Hacker News new | ask | show | jobs
Static Asset Compilation (autoref.com)
48 points by autoref 5021 days ago
15 comments

Fairly standard stuff. If you're going to have a title with "you're doing it wrong" you should have some unique insight to support your dramatised title.
I felt the same way. I was hoping the article would be about a radically different approach, but it's mostly just best practices.
Agreed - getting sick of these thoroughly underwhelming "done right" and "you're doing it wrong" blog posts. Nuts to 'em.
With such a complicated system I think you are missing out on the most signifcant speed optimization technique; reducing http requests.

For reference: http://developer.yahoo.com/blogs/ydn/posts/2007/04/rule_1_ma...

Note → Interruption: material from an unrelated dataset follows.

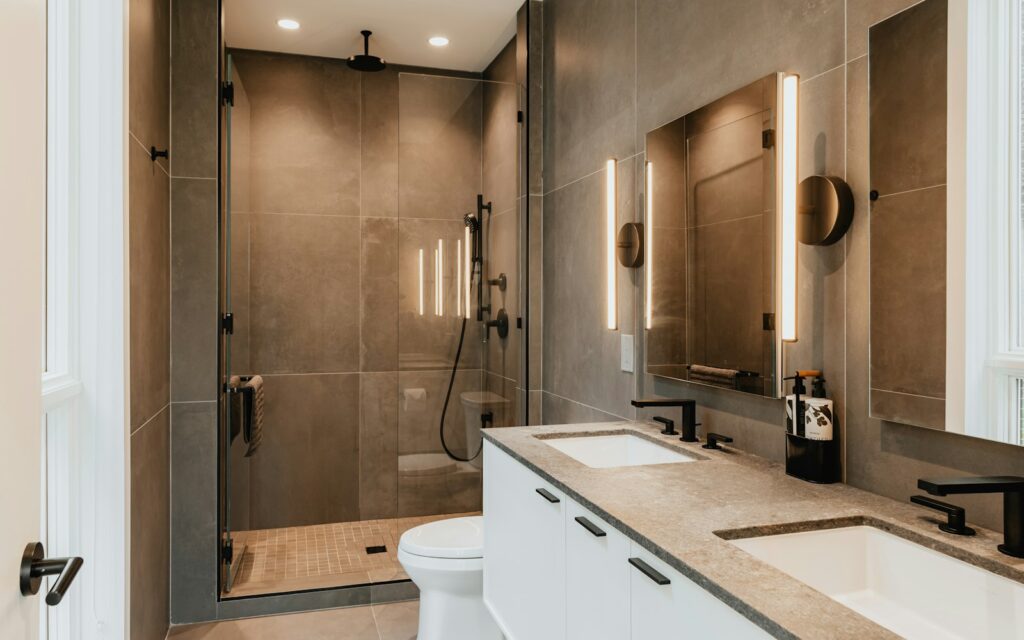 Fertig renoviertes Badezimmer mit zwei Waschbecken und Dusche als Projektfoto für Instagram für Handwerker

It's laudable that you are paying attention to caching, but you don't compile all your files in to one file. It seems like you could pick up a lot ground here by at least concating all css into one file, and js in to one file.

Also you could load jquery from the Google AJAX API endpoint. That way the users has a higher chance of having already loaded jQuery.

Also using the same CSS/JS products across multiple pages would help.

An excellent point, but you have to consider warm cache vs cold cache optimizations. For a cold cache, it's better to combine assets and reduce HTTP requests. We do that on our homepage.

For a warm cache, it's better to split assets up so they are cached in finer chunks. If I added jQuery in to every page JS, there would be few HTTP requests but it would pull jQuery every time, making the payload much larger. There's a balance. I'll write another post about warm vs cold cache optimizations soon.

"using the same CSS/JS products across multiple pages would help."

Definitely. Using jQuery on half your site and YUI on the other half is pretty bad from all angles.

"you could load jquery from the Google AJAX API endpoint."

Yeah. Two reasons we don't: 1. I'm in security, and trust no one. 2. HTTPS connection reuse vs negotiation with another host. I have yet another post in the pipe about SSL optimizations.

I usually have three "chunks" of CSS/JS per page, one for CSS/JS that's shared across all pages of the whole site, one that's common among a "group" of pages and one that's unique to just that page.

Of course, not all pages get all three chunks, but I find it's a reasonable tradeoff between reducing the number of requests and not just including everything on every page.

Hmm, i've just left a comment suggesting combining assets. Based on what you've written here you've already answered one of my questions... I look forward to the warm/cold cache post.
You don't need to rename the files. As of a few months ago, you can configure CloudFront to take query strings into account when caching, so you can simply link to the file as normal but append "?<your_hash_here>" to the filename. (I actually prefer using the last modified timestamp over a hash.) IMHO, this is better because it requires less magic on the origin server. And even ancient references to a file (a logo someone hotlinked, for example) will still render rather than 404, so long as the name hasn't changed. No need to keep tons of old revisions of files around.
This isn't recommended since many browsers and proxies do not cache resources that are referenced using a query string, even if a cache-control or expires header is set appropriately. Google says Squid up to 3.0 will not do so:

https://developers.google.com/speed/docs/best-practices/cach...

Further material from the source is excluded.